We made significant progress on our prototype this week, focusing on backend development, frontend development, and data management:

  • REST API Contracts: We developed four versions of REST Contracts APIs to define clear interactions between services. We have successfully implemented and deployed these APIs, which are currently being used by other services. The API Contracts ensure consistency and reliability across the system.
  • Website with embedded Grafana visualization: Created a website with an embedded interactive Grafana data visualization dashboard. This dashboard allows administrators to easily navigate through various metrics and statistics. Future plans are to convert the website into a full-featured Telegram web app to increase accessibility.
  • Telegram bot for sending reports: We created a bot that accepts reports from users. The bot is already connected to a MongoDB database to store all the necessary user data, such as email and dialog details. This feature allows for a convenient user-system interaction.
  • Configuring and connecting the database to API for storing reports: Utilized PostgreSQL for storing reports on dormitory infrastructure issues. Implemented basic CRUD operations (Insert, Update, Retrieve, Delete) for managing reports.

Additional weekly work: #

  • Code Refactoring: Allocated time to refactor the code for improved maintainability and performance. The backend architecture has been slightly reworked to accommodate new features and enhance scalability.
  • Docker progress: Integrated Docker into our CI/CD pipelines, allowing for automated building, testing, and deployment of Docker images. This automation accelerates our development cycle and reduces the risk of human error.
  • LLM Model Reaserch: A small study was done to identify the most appropriate language model for further use in analyzing the reports.

User Interface: #

The project is mainly focused on the backend and data management. However, the built-in Grafana dashboard on our website provides a visual representation of the data for admin users. There is also a user-friendly interface for the user, which is implemented through a Telegram bot.

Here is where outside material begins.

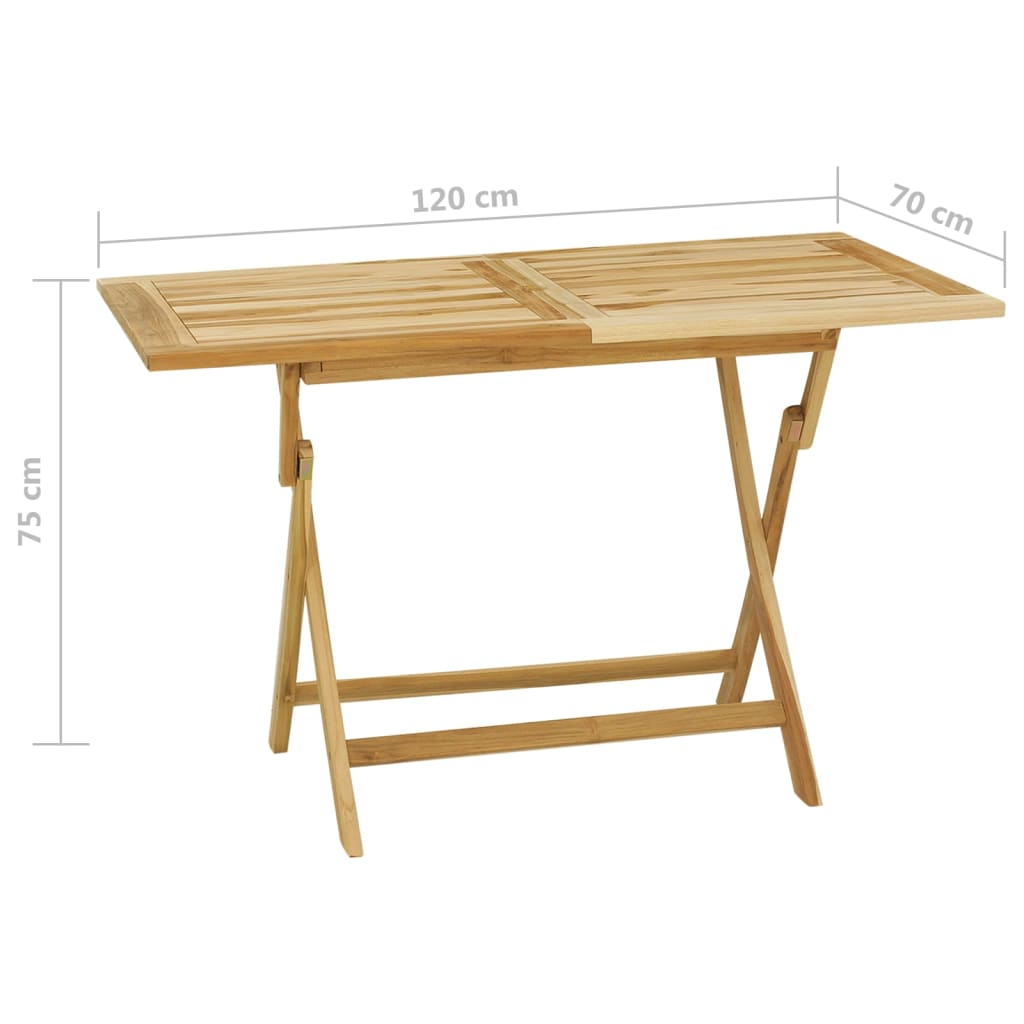 vidaXL Garden Dining Set | Teak | Fine sanded teak hardwood | Medium | Foldable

Challenges and Solutions: #

Challenges:

Data Visualization: One of the major challenges was how to effectively visualize data on the frontend. Initial methods proved insufficient for our needs.

Backend Refactoring: Ensuring that the refactored backend code maintained functionality and performance was a complex task.

LLM model comparison: While searching for the best model to analyze the reports, it was difficult to know which model was better.

Solutions:

Grafana Dashboard: By embedding an interactive Grafana dashboard, we managed to overcome the visualization challenge. This approach provided a flexible and powerful way to present data.

Iterative Refactoring: We approached backend refactoring iteratively, ensuring that each step was thoroughly tested and validated. This minimized disruption and maintained system stability.

Use of articles and graphs: Graphs were constructed with data taken from articles to make a visual comparison.

Next Steps: #

  • Convert the current website to a Telegram Web App to enhance user engagement and accessibility;
  • Add more dashboards to the Grafana visualization for detailed insights;
  • Add notifications first for all users when a failure is found, and then implement subscriptions to specific locations in the building;
  • Implement an algorithm to search for failures based on reports;
  • Add a LLM model to the system to summarize all reports and identify a single problem at a particular location;
  • Continue refining API endpoints and improving performance;
  • Enhance test coverage to achieve >= 75% to ensure robust;
  • Automate more tests within the CI/CD pipeline to cover new features.